Pedro Miguel
Uno de los valores aspiracionales favoritos de las clases altas y medias altas es enviar a los hijos a estudiar posgrados en el extranjero, especialmente a Estados Unidos, Francia y España. No importa qué ni en qué universidad; en esos sectores suele darse por hecho que cursar una carrera en esos países garantiza, en automático, una formación profesional superior a la que ofrecen instituciones públicas mexicanas como la UNAM y el Poli, que ostentan un nivel académico equiparable al de las mejores universidades gringas y europeas. Ricardo Anaya tiene tan acendrada esa clase de pensamientos que mandó a sus hijos a Estados Unidos, no a un posgrado ni a una licenciatura, sino a que cursaran prescolar. Esa sola decisión, cuya veracidad es indiscutible y aceptada por él mismo, basta para entender la percepción de México que caracteriza al aspirante presidencial panrredista y lo colonizada que tiene la cabeza. A la espera de que las investigaciones digan si son ciertos o falsos los señalamientos en su contra por triangulación de fondos o un mero invento perverso del priísmo –el panismo no se ha quedado atrás cuando ha gobernado–, los electores conscientes y racionales tienen en ese dato un buen elemento de juicio para saber si en julio próximo eligen a un estadista o a un nuevo gerente sometido desde los reflejos mentales a los intereses corporativos extranjeros.
Ahora que están tan de moda las habladurías sobre la supuesta interferencia rusa en el proceso electoral mexicano, no está de más recordar que la única interferencia probada, constante, sistemática y desastrosa en nuestra política interna es la de Estados Unidos: las conjuras contra el gobierno de Madero en la embajada de ese país; la célebre receta de Robert Lansing de dominar a México abriéndoles a jóvenes mexicanos ambiciosos las puertas de nuestras universidades y educarlos en el modo de vida estadunidense, en nuestros valores y el respeto a nuestro liderazgo; la cooptación de presidentes por parte de la CIA; las constantes presiones para obligar al país a cambiar su política exterior; la documentada intervención del embajador Tony Garza para imponer a Calderón en Los Pinos en 2006 y el sistemático espionaje a Peña Nieto, presumiblemente desde que fue jefe de Administración en el gobierno de Arturo Montiel, y que le ha permitido a la inteligencia de Washington hacerse con un voluminoso expediente del mexiquense; la reforma energética intentada en el sexenio anterior, lograda en la administración presente y diseñada por el equipo de Hillary Clinton. Si hay motivo de preocupación ante la intervención extranjera en la vida institucional del país, sería bueno que esos políticos y columnistas del régimen empezaran a fijarse en lo evidente y dejaran la alharaca de los rusos para cuando exista una sola prueba de eso.

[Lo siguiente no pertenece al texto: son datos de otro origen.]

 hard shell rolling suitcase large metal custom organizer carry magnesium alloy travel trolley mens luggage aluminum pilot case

José Antonio Meade, por su parte, es un gran ejemplo de esos servidores disciplinados, fieles y confiables de la OCDE, el Banco Mundial, el Fondo Monetario Internacional y el Departamento de Estado del país vecino, a los que ha servido con lealtad intachable y precisión milimétrica a su paso por las secretarías de Energía, Hacienda, Relaciones Exteriores, Desarrollo Social y nuevamente Hacienda; y es también, claro, uno de esos jóvenes ambiciosos a los que Estados Unidos abrió las puertas de sus universidades.

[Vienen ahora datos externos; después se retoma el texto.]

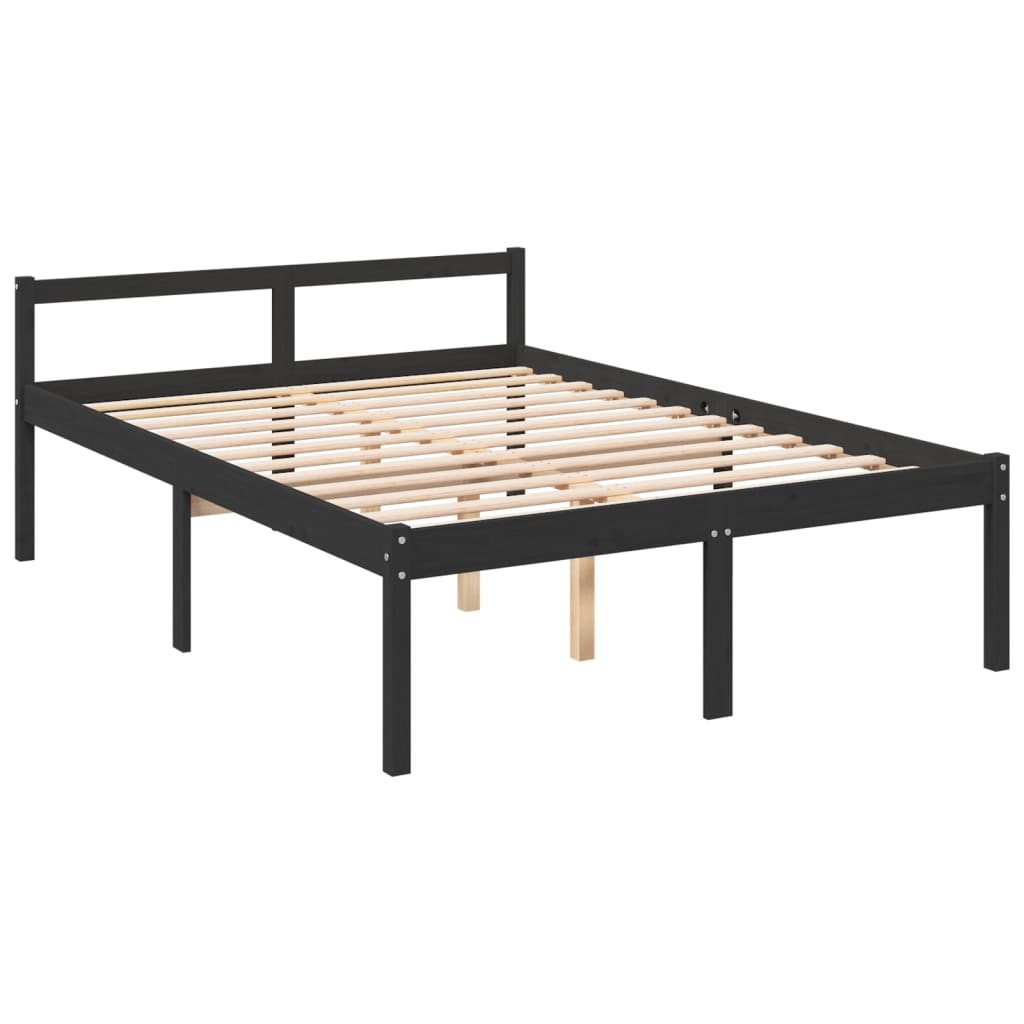 vidaXL Senior Bed without Mattress Black Double Solid Wood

En Meade y en Anaya el poder político y empresarial estadunidense tiene espléndidos prospectos para asegurar la continuidad del modelo de integración subordinada que ha sido aplicado en México desde 1988, que ha colocado al país en una situación de desastre y que, a partir de la llegada de Donald Trump a la Casa Blanca, ha prescindido de los buenos modales para convertirse en una brutal exigencia de rendición total y supeditación absoluta a los designios de Washington. Sirvan como ejemplos las gritonizas telefónicas que el magnate le ha puesto a Peña Nieto –la más reciente, hace una semana–, las constantes humillaciones y el chantaje constante de romper el TLCAN, algo que asusta sobremanera a los gobernantes oligárquicos porque, carentes de respaldo social y de programa alternativo, es el único clavo al que pueden aferrarse.
El programa de la dependencia tiene dos módulos: las órdenes que provienen de aquel lado y el equipo humano que las cumple en éste. Si se suprime uno de esos factores, el mecanismo de la subordinación se colapsa y obliga a los dos países a formular bases nuevas y más justas para la relación bilateral. Tal vez la sociedad mexicana no logre quitarle lo depredador y metiche a Washington, pero sí puede poner fin, con su voto en julio, a la era trágica y oprobiosa de los gerentes al servicio de poderes extranjeros. Y no precisamente el ruso.